Campbell said Lorri Lane’s way is better than any directions she could have read or received.

“Lorri is a self-taught improvisational realist oil painter,” Campbell said. “She began painting as a child in upstate New York.  After attaining a degree in English from Smith College, Lorri had planned on becoming a writer.”

But In the mid-eighties, she found her Southern roots in Alabama where she has been working as a professional artist ever since.

“There are periods of time when poetry and petite narratives still flow out of Lorri but, nonetheless, she is an artist every day and in most every way,” Campbell said.

Those who view Lorri Lane’s artwork, whether those who crate art or those who just enjoy and appreciate art, don’t forget her name or her art.

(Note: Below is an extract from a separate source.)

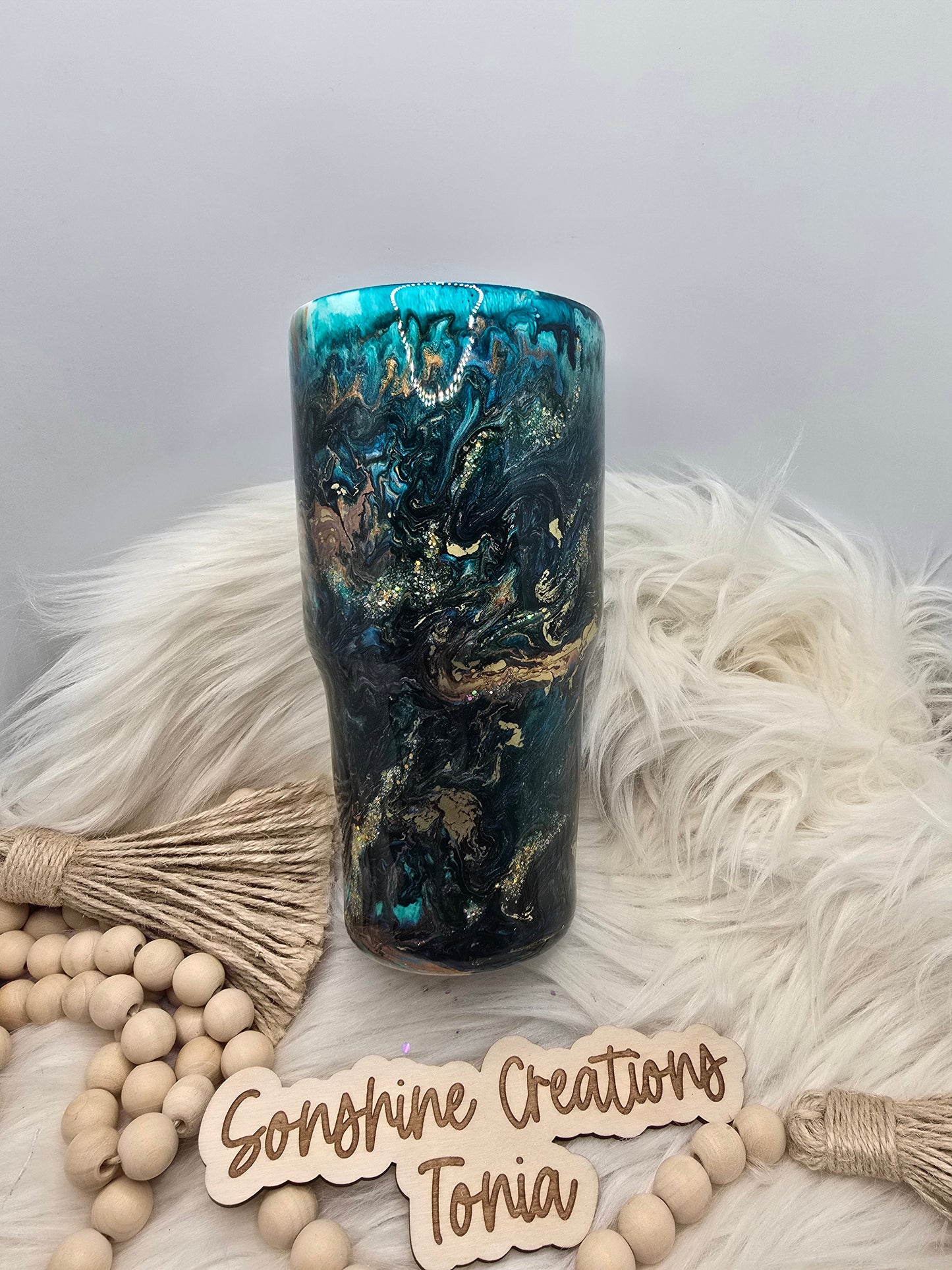 10/03/25 Tonia's Live Creations -30oz Curve- Teal copper dancing 8's (Can add decal)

Lorrie’s recent projects include teaching mural classes with the Alabama Prison Art and Education Project and curating rotating exhibits at the Betak/Frangoulis Gallery at Canterbury Chapel and Tuscaloosa Juvenile Court Lobby.  Her exhibitions include the Kentuck Studio Artists at the University of Alabama gallery, the Dinah Washington Cultural Arts Center and  a solo exhibit of paintings at Tuscaloosa’s Hotel Indigo through August. She is represented by her daughter’s gallery, Liz Lane Gallery in Birmingham.

Liz Lane is a nationally known painter and chief executive officer of Liz Lane Gallery, a contemporary art gallery in Homewood with a second location in Asheville, North Carolina to open soon. Her studios are located inside her galleries. Liz Lane also represents a carefully curated collection of other emerging and well known artists, including her mother.

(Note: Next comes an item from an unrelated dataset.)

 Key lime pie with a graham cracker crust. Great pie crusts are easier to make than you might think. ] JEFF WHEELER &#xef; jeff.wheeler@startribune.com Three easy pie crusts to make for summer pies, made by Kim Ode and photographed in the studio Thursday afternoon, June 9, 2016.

Campbell said each piece Liz Lane creates pulls from the moment it is created. Therefore, each piece is unique in inspiration and thought.

“Liz Lane’s brush, it has been said, performs a dance on canvas,” Campbell said. “It is expressive, powerful and unhindered by rules, much as her mother’s is by direction.”

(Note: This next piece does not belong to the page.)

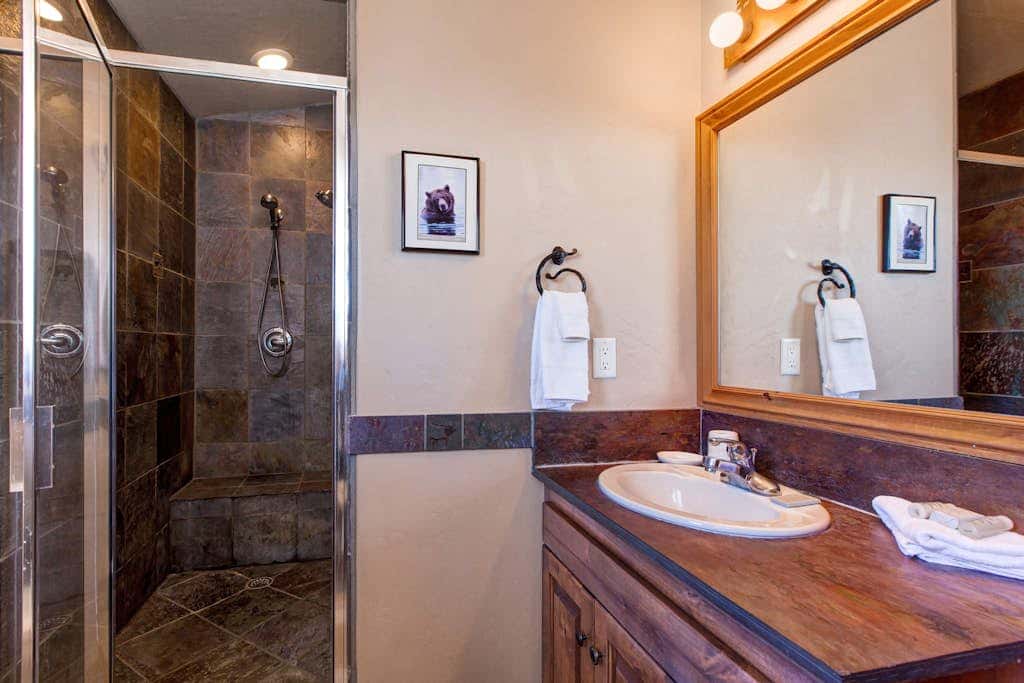 Bear Hollow Village-Updated Home with  Hot Tub, Fitness Center, & Pool Access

Liz Lane said her work and philosophy have been deepened by the birth of her two daughters and a strong call to leave the world a better place for them to thrive in. She said there is urgency to protecting the changing climate and believes environmental reform must take place now.

Liz Lane has hosted events benefiting  environmental groups including organizations that fight for clean air and waterways in the state of Alabama. She is open to ideas and collaborations with environmental groups whose mission is to protect and serve the next generation.

She is also a proud sponsor of the arts in local, under served communities. She donates supplies to art educators to working with limited budgets in public schools.

“A society that does not value the arts has lost its humanity,” Liz Lane said.

As a second generation female artist, Liz Lane is aware of the lack of exposure and resources given to women in the arts. She has chosen to have a female majority of artists in her galleries.

She curates work from artists, male or female, who celebrate the strength of femininity.